Les Kikoriki sont des personnages en forme de balles. Ces petites créatures évoluent dans un monde marqué par l’absence de personnages négatifs. Ce film fait partie des programmes dits « éducatifs » : Sans être moraliste, il surfe sur la vague des films d’animation où les valeurs telles que le respect, l’humour, l’entre-aide sont mis en avant.

Ce qui fait l’atout de ce programme, c’est qu’il existe déjà une série avec 6 saisons dont une 7ème en production et plus de 200 épisodes déjà produits et diffusés. Deux films sont déjà sortis en salle avant ce troisième volet : « Kikoriki : team invincible » (2011) et « Kikoriki : legend of the golden dragon » (2016). Egalement, il y a eu la mise en scène d’une pièce de théâtre et la commercialisation de nombreux produits dérivés.
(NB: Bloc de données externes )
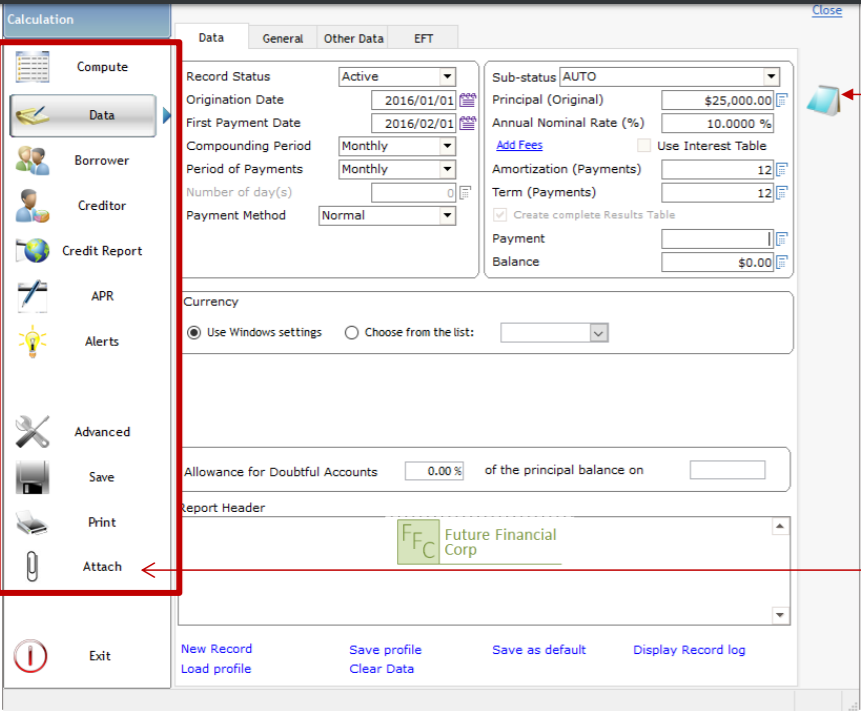 Margill Loan Manager calculation tool screenshot
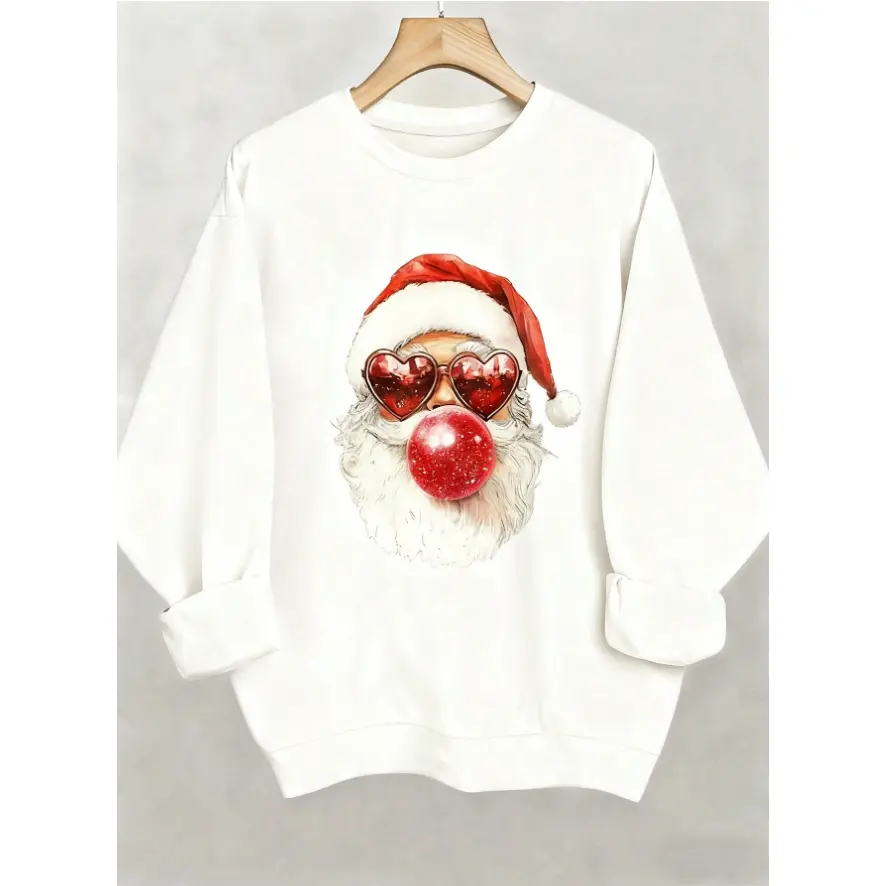 Retro Santa Claus Blowing Bubbles, Christmas & New Year, Women Fall/Winter Tops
On peut en conclure que cette aventure palpitante de voyages à travers les époques convient à tous les âges du monde !

КУХНЯ ou The Kitchen (Russie)

Conseillé par Victor Haond (D2A promo 2018-2018)

Sitcom : 20 x 25’

Max rêve de devenir un grand chef depuis tout petit. À la fin de ses études et de son service militaire il se rend à Moscou pour essayer de convaincre le chef du plus grand restaurant du pays, « Le Claude Monet », de l’intégrer dans sa brigade. Mais cela ne va être aussi simple que prévu et Max va se rendre compte que savoir cuisiner ne suffira pas pour intégrer l’équipe du restaurant.

Avec des situations et une mise en scène totalement décalée, cette série humoristique a fait les heures de gloire de la chaîne russe STS et a gagné de nombreux prix aux APKIT Awards.

Cette série permet de montrer la cuisine d’un restaurant gastronomique de l’intérieur de manière totalement inédite.